Captioned web image data:
'''

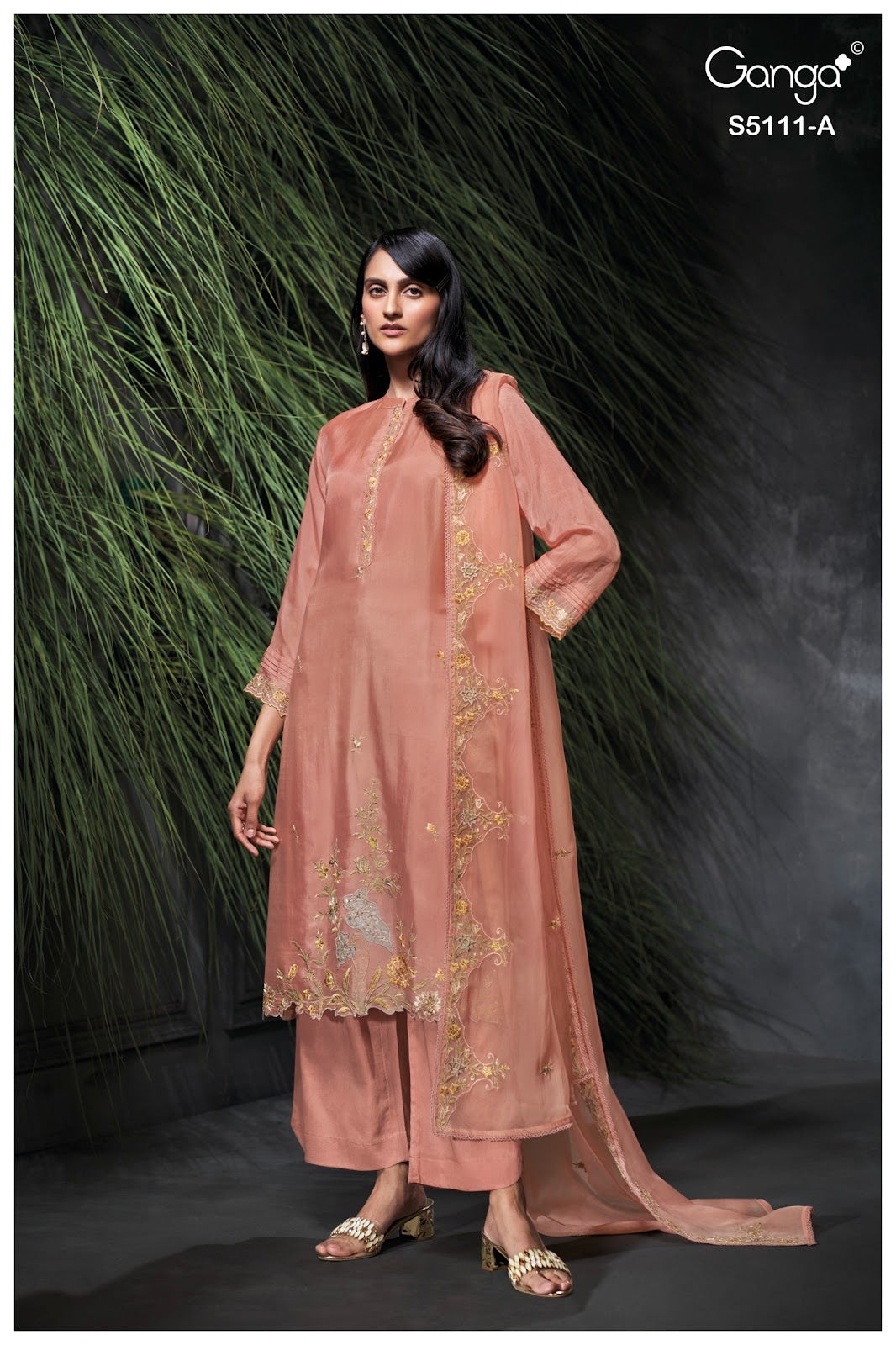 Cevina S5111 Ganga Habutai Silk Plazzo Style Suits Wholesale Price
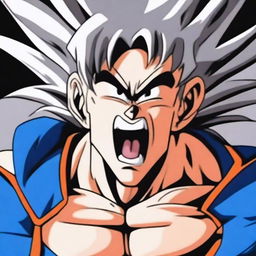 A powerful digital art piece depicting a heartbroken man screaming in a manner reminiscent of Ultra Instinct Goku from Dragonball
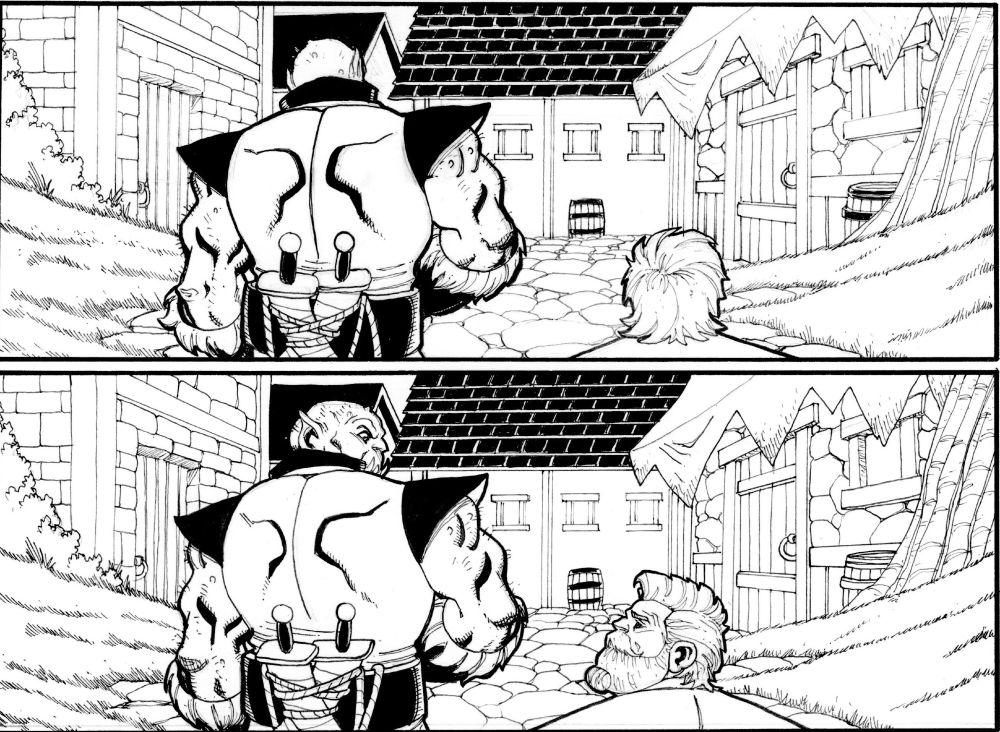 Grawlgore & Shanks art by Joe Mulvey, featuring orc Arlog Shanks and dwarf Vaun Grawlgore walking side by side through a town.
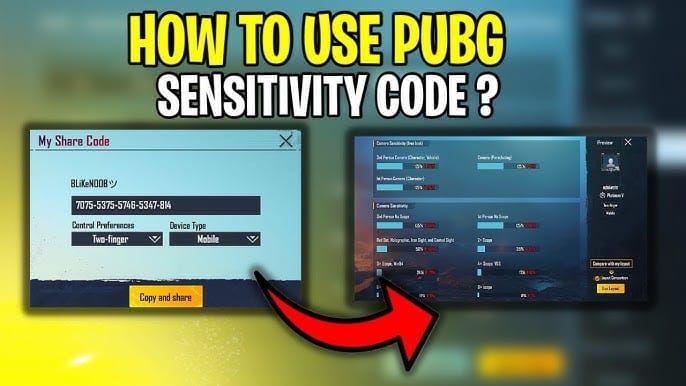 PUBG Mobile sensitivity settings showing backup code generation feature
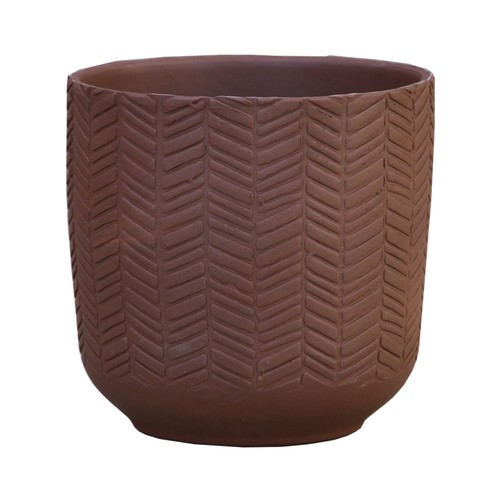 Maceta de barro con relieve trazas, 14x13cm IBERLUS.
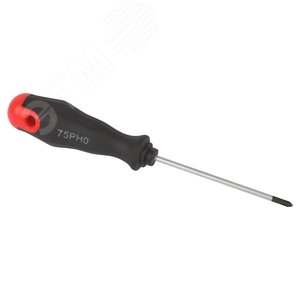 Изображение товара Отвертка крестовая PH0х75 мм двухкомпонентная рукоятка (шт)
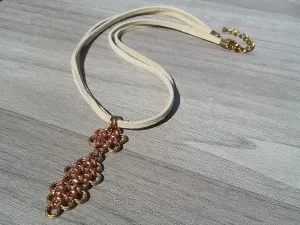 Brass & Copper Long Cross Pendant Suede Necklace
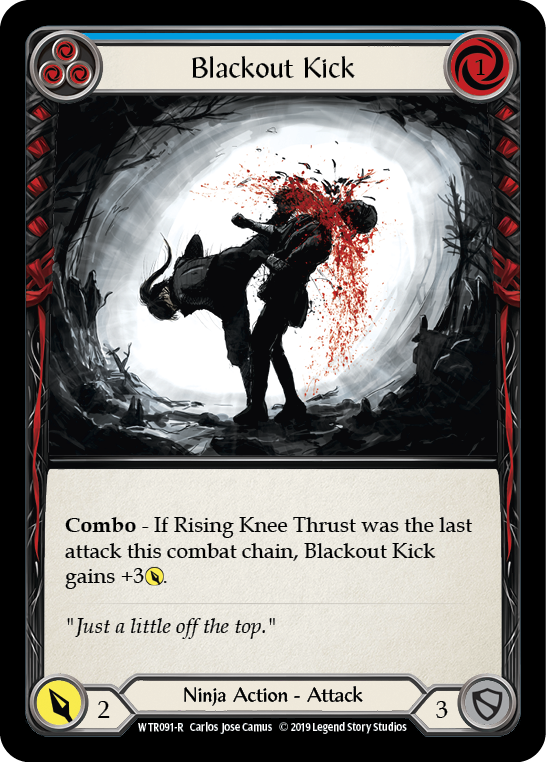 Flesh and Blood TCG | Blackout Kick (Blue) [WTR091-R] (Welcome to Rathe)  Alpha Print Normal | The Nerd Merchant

'''

TO DO :: Transcribe the span of lines that runs from the line with "Grawlgore & Shanks" to the end of the data, both ends included, exactly, with nothing else and no pictures.

WORKED SOLUTION ::
 Grawlgore & Shanks art by Joe Mulvey, featuring orc Arlog Shanks and dwarf Vaun Grawlgore walking side by side through a town.
 PUBG Mobile sensitivity settings showing backup code generation feature
 Maceta de barro con relieve trazas, 14x13cm IBERLUS.
 Изображение товара Отвертка крестовая PH0х75 мм двухкомпонентная рукоятка (шт)
 Brass & Copper Long Cross Pendant Suede Necklace
 Flesh and Blood TCG | Blackout Kick (Blue) [WTR091-R] (Welcome to Rathe)  Alpha Print Normal | The Nerd Merchant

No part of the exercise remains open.